Step 5 — Customer report
The app generates an EV-specific service report PDF that mentions the things EV owners care about — battery SoH, software version, regen condition, 12V aux state — rather than a generic mechanical report with mostly N/A line items. Workshops who switched report templates saw the EV repeat-business rate climb 30-40%.
Tools you'll need
The app is software — it doesn't come with hardware.
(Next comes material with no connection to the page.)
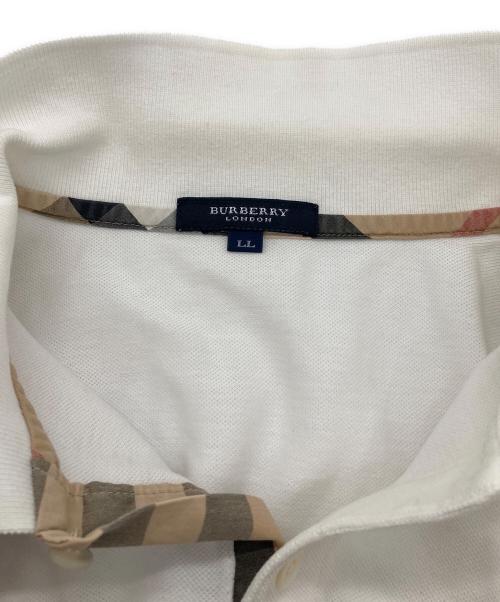 BURBERRY LONDON（バーバリーロンドン）BURBERRY LONDON (バーバリーロンドン) ノバチェック切替ポロシャツ　半袖ポロシャツ　半袖シャツ　日本製 ホワイト サイズ:LLの古着・服飾アイテム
For full EV diagnostic capability you'll want:
- OBD2 dongle + EV-capable app — Carista or LeafSpy Pro for SoH on most makes ($30-$50 dongle + $10-$20 app)
- Tesla service mode — built into the car, requires the Tesla service unlock code
- Brand-specific tool — Polestar PVOS, MG iSmart Diag, BYD diagnostic tool for deeper work
- CCS2 charge-port inspection camera — borescope camera works ($40 from Bunnings)
- HV insulation tester — only needed if you're doing actual HV battery work (specialist territory)
Workshops doing surface-level EV service (battery SoH read, software check, mechanical wear) can do it with $100 of tools. Workshops doing HV battery work need $5K+ of specialist gear and a license.